Changes by rating agencies in their ratings of a fixed income security also may
affect the value of these investments. However, allocating investments in the
Fund among securities of different issuers should reduce the risks of owning any
such securities separately.
 
     The prices of lower-rated high yield securities tend to be less sensitive
to interest rate changes than higher-rated investments, but more sensitive to
adverse economic changes or individual corporate developments. During economic
downturns or periods of rising interest rates, highly leveraged issuers may
experience financial stress that adversely affects their ability to service
principal and interest payment obligations, to meet projected business goals, or
to obtain additional financing, and the markets for their securities may be more
volatile.

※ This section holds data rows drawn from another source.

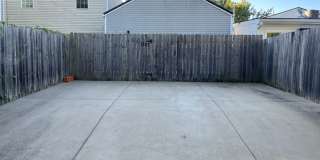 Beautifully Renovated Two Bedroom Highlands Home Gallery 19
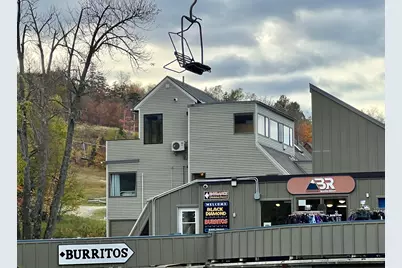 3016 Village South Street #3016, Carrabassett Valley, ME 04947 - Photo 37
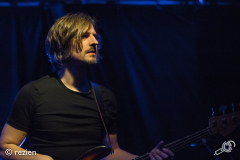 Dans-Dans-Rockitfestival-Oosterpoort-10-11-2018-rezien-4
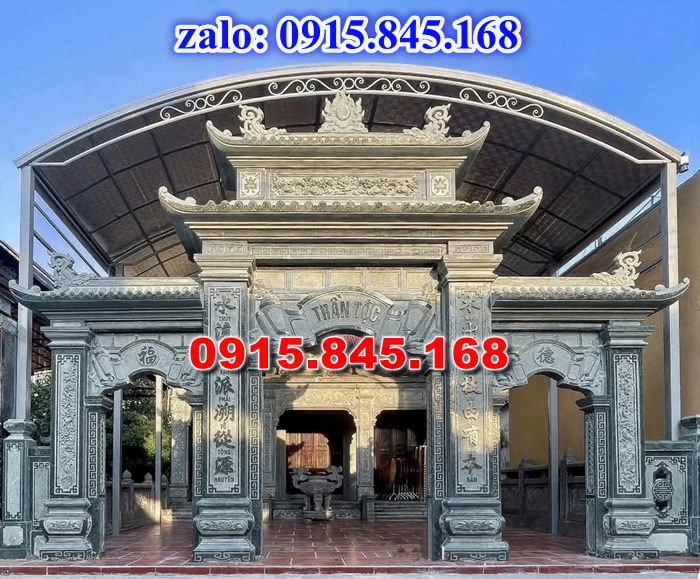 cổng đá đẹp, mẫu cổng đá, cổng đá tứ trụ tự nhiên, cổng đá nguyên khối, giá bán cổng đá xanh tự nhiên, thi công cổng đá nguyên khối trọn gói, cổng đá chạm rồng phượng 1 mái, cổng đá hoa văn câu đối 2 mái, cổng đá 3 mái, cổng tam quan đá, cổng đá nhà thờ họ, cổng đá đình chùa, cổng đá khu lăng mộ, cổng đá granite hoa cương từ đường, cổng đá nghĩa trang gia đình, kích thước cổng đá chuẩn phong thủy, 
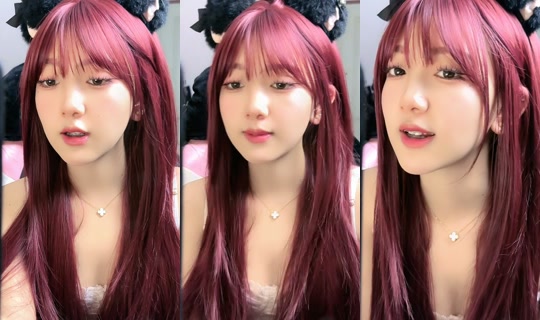 _l3elly_zii's Live Session — Jul 9, 2026, 1:58 PM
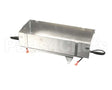 SA2134 Federal Industries Condo Pan Assembly Heated Qds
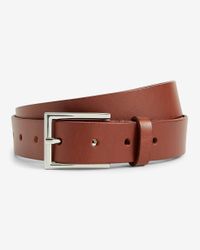 express men belts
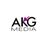AKG Media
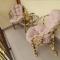 La Favorita Guesthouse Boutique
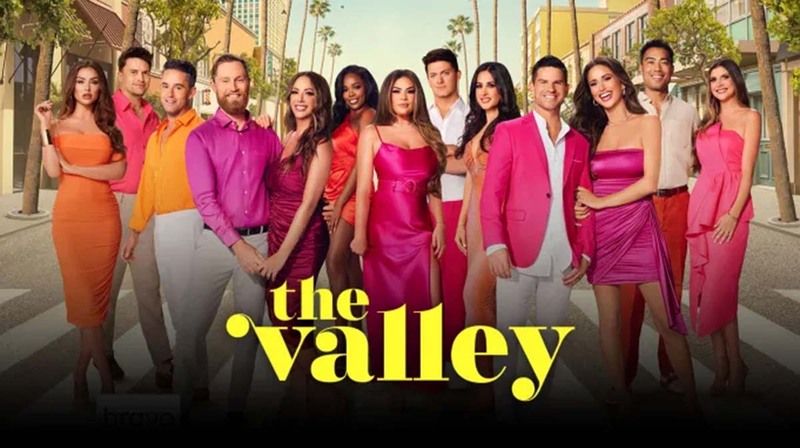 The Valley Cast Season 3: Full Guide to Who’s Returning, Who’s New & What to Expect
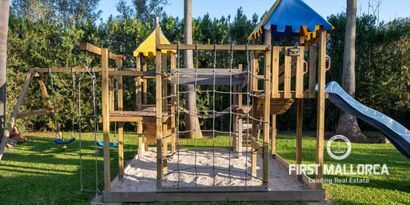 Недвижимость picture 19 Ref 81343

If an issuer defaults, the Fund may incur additional expenses to seek
recovery. Furthermore, the market value of zero coupon and pay-in-kind
securities in which the Fund may invest is more greatly affected by interest
rate changes and is more volatile than that of similar securities that pay
interest periodically in cash. Accrued discount and "interest" on zero coupon
and pay-in-kind securities are reported as income by the Fund even though no
cash actually is received by the Fund until the securities' maturity or payment
date.
 
     Frequently, the higher yields of lower-rated high yield securities may not
reflect the value of the income stream that holders of such securities may
expect, but rather the risk that such securities may lose a substantial portion
of their value as a result of their issuer's financial restructuring or default.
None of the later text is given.